BC Flyer: You say, "Senior guys benefit, junior guys get hung out to dry again..." and "This will do nothing but penalize the junior ranks..."
Have you given any thought at all to addressing the fundamental issue that I raised at the outset of this thread? Namely, the reality that this law cannot be overcome, and that it must be dealt with?
This entire fiasco could have been avoided had ACPA dealt with the facts and reality of the law when this issue first arose over four years ago. That was my advise then, and that has been my advice since. Ignored.
Nobody appears to want to discuss the fundamental facts that ACPA members will have to face. There are now almost 150 Complainants before the Commission and the Tribunal, all of whom will likely be given the same option as G.V. and N.K. to return to full employment. Most of us won't be restricted to flying as F/O's, as they were, by reason of their conceding the restrictions related to ICAO for pilots-in-command over age 65. And the cease order will make it a lot easier for many, many others now coming up to age 60 to opt to stay, without even being visible or litigious. The change is now upon us.
To my understanding there is a large segment of the ACPA membership, in addition to the approximately 25% that voted in favour of ending mandatory retirement, that was not even on the premises when the vote was taken in April, 2006. Many of those pilots (average age of hire, 34) may start to flex their voting muscles, once the legal pendulum starts to inevitably swing--they may very well demand that ACPA revisit its strategy of spending their union dues fighting an unwinnable cause that they were not even given the opportunity to exercise their democratic rights of participation in, regardless of whether they favour the change or not.
As I said earlier in the thread, "...despite the tendency to overlay the issues with all sorts of irrelevant emotional distractions, such as anyone's purported motivation, we need to address the one issue that is before us, namely integrating the necessary changes into our workplace."

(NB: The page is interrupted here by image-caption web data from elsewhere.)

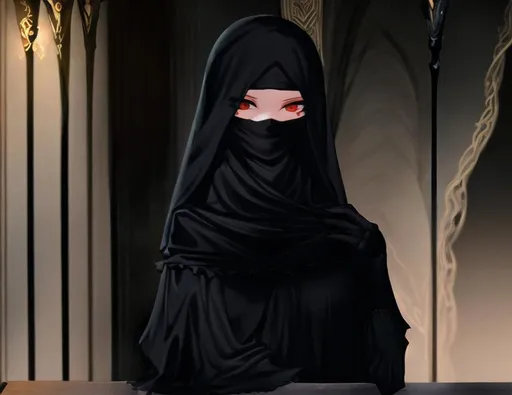 Prompt: high detail, hair covered with a black silk niqab lighting soft skin, lighting soft skin, detailed eyes, realsitic art, body shot, looking at camera, beautiful , perfect details, 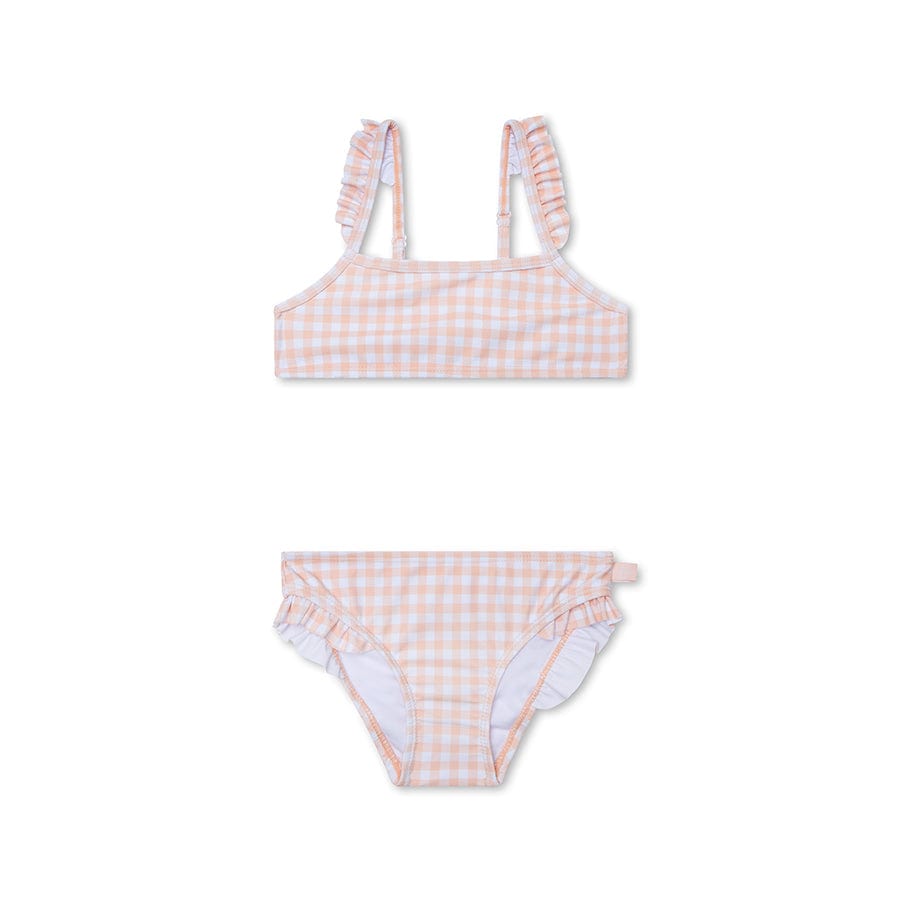 Sonnenuntergangsgitter | Orange-weißer UV-Bikini für Mädchen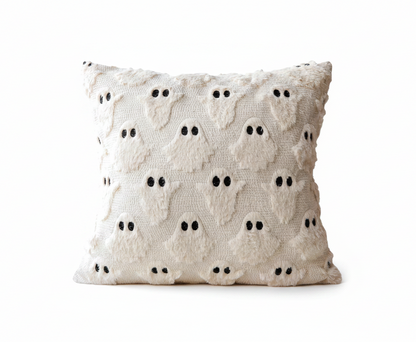 Decorative pillow with ghost pattern on a white background
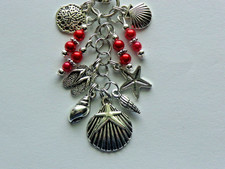 NAUTICAL SEASHELLS STARFISH BEADS KEY CHAIN PURSE CLIP BACKPACK ZIPPER PULL FOB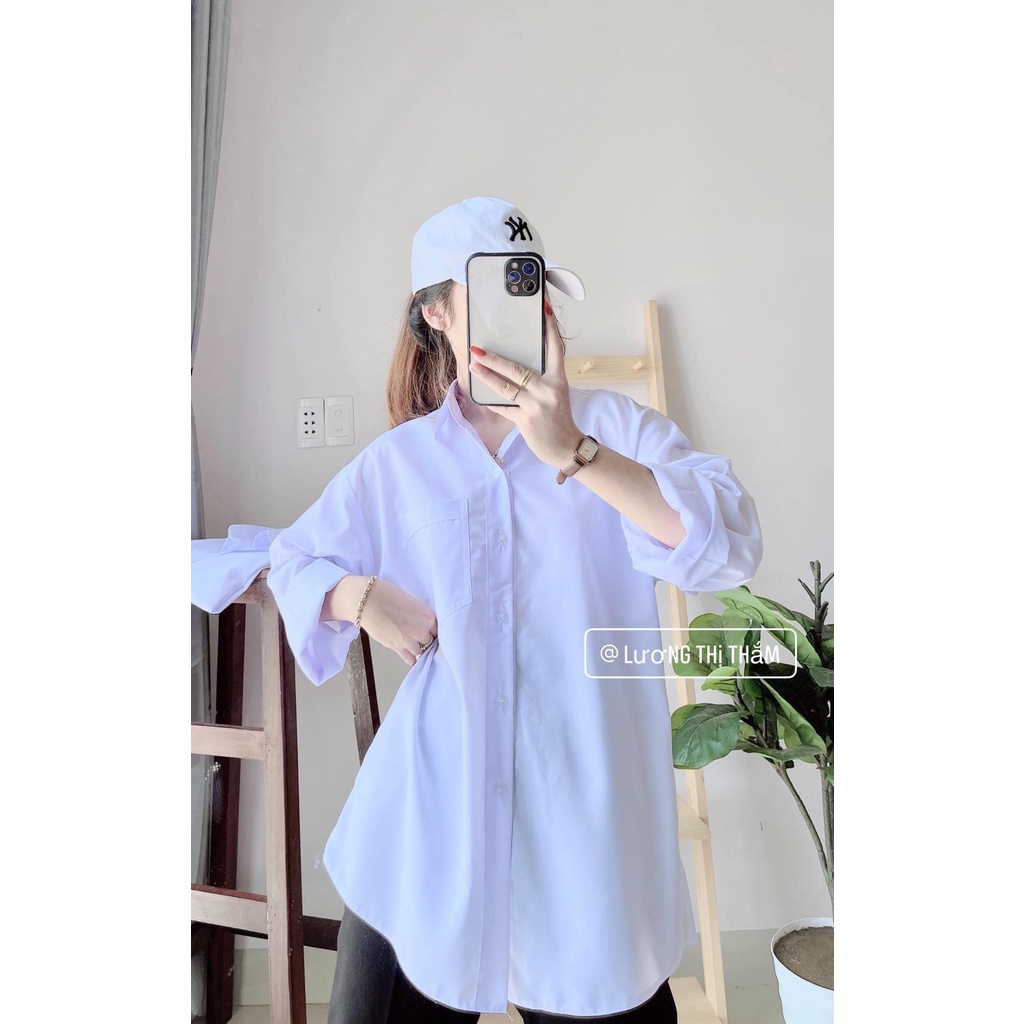 Áo Sơ Mi Trắng Trơn Tay Dài 1 Túi Ulzang Basic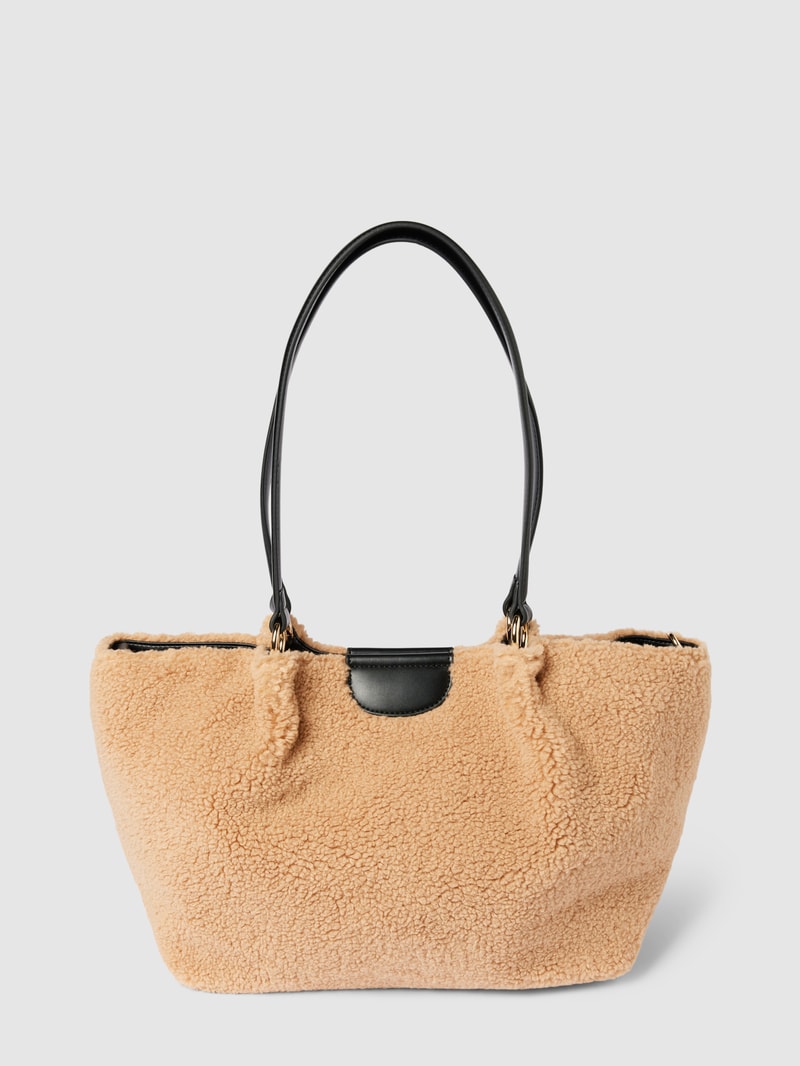 Shopper mit Teddyfell Modell 'JUTIS' in camel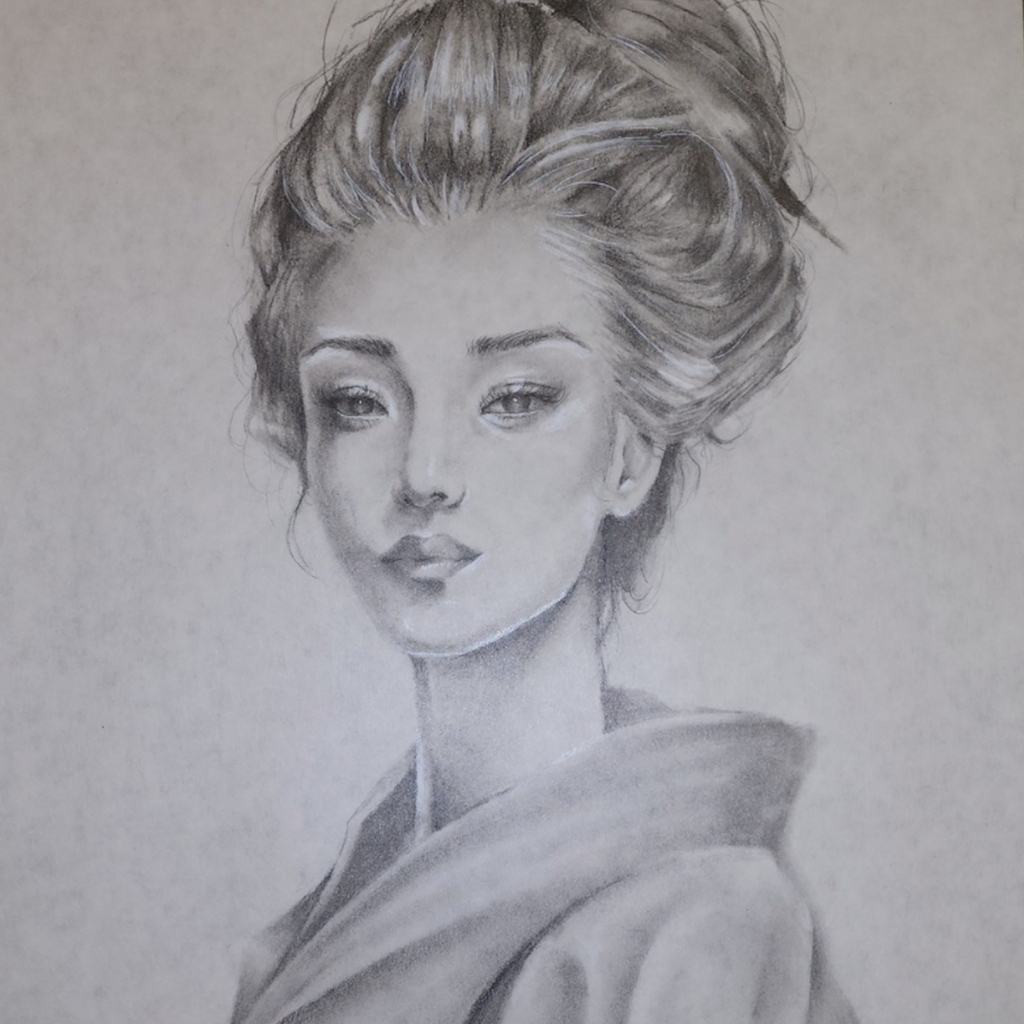 A pencil drawing shows a woman's head and shoulders. She has short hair and wears a loose garment.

The impact on the junior pilots is now almost a given. It need not have been that way. Don't blame me or us for the failure of your own Association to manage the inevitable impact of the law of the land on your working relationship. There were many manageable alternatives available, all of which were discounted and/or ignored by ACPA in favour of denying or delaying the day and cost of reckoning. Still your Association fights on, suggesting appeals as well as alternatives that propose to continue the age discrimination in one form or another, notwithstanding the Tribunal's finding that its actions were and are illegal. The work of the renowned historian Barbara Tuchman comes to mind..."The March of Folly...From Troy to Vietnam."
Finally, let's talk about your assertion, " Its all about GREED pure and simple..."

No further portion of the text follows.